2.Norma Kesusilaan adalah peraturan hidup yang dianggap sebagai suara hati. Peraturan ini berisi suara batin yang diakui oleh sebagian orang sebagai pedoman dalam sikap dan perbuatannya.
3.Norma Kesopanan adalah peraturan hidup yang muncul dari hubungan sosial antar individu. Tiap golongan masyarakat tertentu dapat menetapkan peraturan tertentu mengenai kesopanan.
4. Norma Hukum adalah peraturan-peraturan hidup yang diakui oleh negara dan harus dilaksanakan di tiap-tiap daerah dalam negara tersebut. Dapat diartikan bahwa norma hukum ini mengikat tiap warganegara dalam wilayah negara tersebut.

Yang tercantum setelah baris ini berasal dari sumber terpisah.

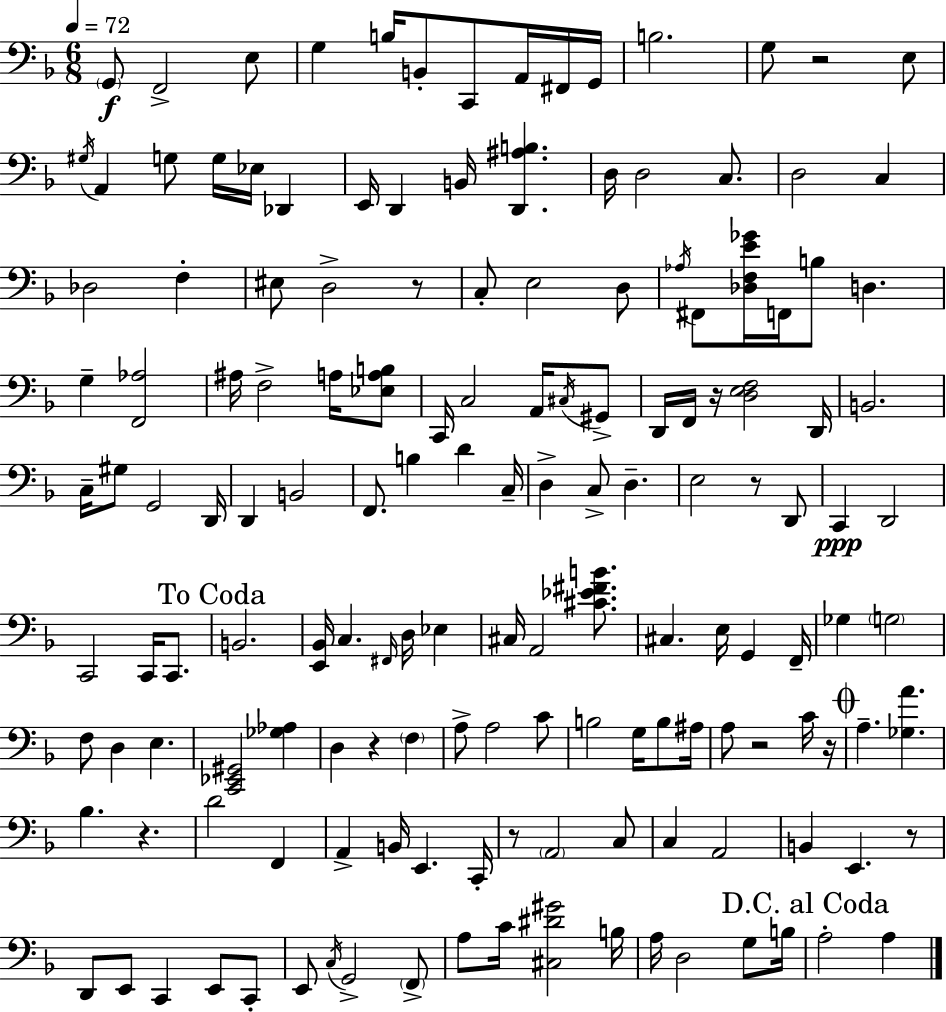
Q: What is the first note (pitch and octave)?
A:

E.     Pengertian Ekonomi Dan Hukum Ekonomi

            Ekonomi adalah ilmu yang mempelajari perilaku manusia dalam memilih dan menciptakan kemakmuran. Inti masalah ekonomi adalah adanya ketidakseimbangan antara kebutuhan manusia yang tidak terbatas dengan alat pemuas kebutuhan yang jumlahnya terbatas. Permasalahan itu kemudian menyebabkan timbulnya kelangkaan (Ingg: scarcity). Hukum ekonomi adalah suatu hubungan sebab akibat atau pertalian peristiwa ekonomi yang saling berhubungan satu dengan yang lain dalam kehidupan ekonomi sehari-hari dalam masyarakat.

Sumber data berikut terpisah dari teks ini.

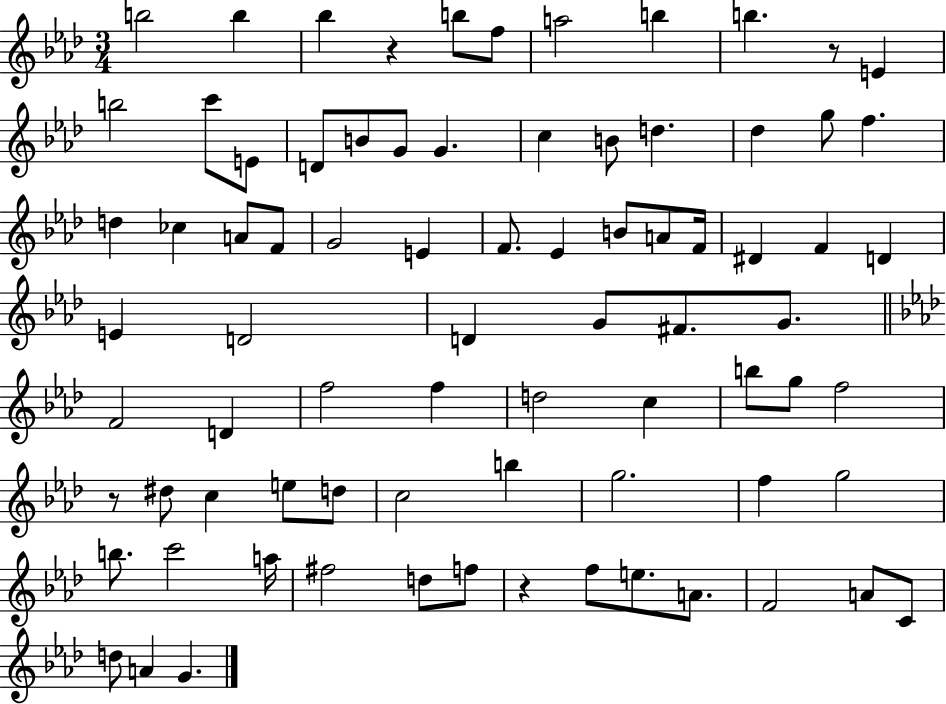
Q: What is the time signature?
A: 3/4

Hukum ekonomi terbagi menjadi 2, yaitu:

·     Hukum ekonomi pembangunan, yaitu seluruh peraturan dan pemikiran hukum mengenai cara-cara peningkatan dan pengembangan kehidupan ekonomi (misal hukum perusahaan dan hukum penanaman modal)
·   Hukum ekonomi sosial, yaitu seluruh peraturan dan pemikiran hukum mengenai cara-cara pembagian hasil pembangunan ekonomi secara adil dan merata, sesuai dengan hak asasi manusia (misal, hukum perburuhan dan hukum perumahan).
Contoh hukum ekonomi :
1)  Jika harga sembako atau sembilan bahan pokok naik maka harga-harga barang lain biasanya akan ikut merambat naik.
2) Apabila pada suatu lokasi berdiri sebuah pusat pertokoan hipermarket yang besar dengan harga yang sangat murah maka dapat dipastikan peritel atau toko-toko kecil yang berada di sekitarnya akan kehilangan omset atau mati gulung tikar.
3) Jika nilai kurs dollar amerika naik tajam maka banyak perusahaan yang modalnya berasal dari pinjaman luar negeri akan bangkrut.
4)  Turunnya harga elpiji / lpg akan menaikkan jumlah penjualan kompor gas baik buatan dalam negeri maupun luar negeri.
5) Semakin tinggi bunga bank untuk tabungan maka jumlah uang yang beredar akan menurun dan terjadi penurunan jumlah permintaan barang dan jasa secara umum. Demikianlah penjelasan tentang hukum ekonomi secara keseluruhan semoga kita semua mengerti dan dapat megimplementasikan ke dalam kehidupan nyata.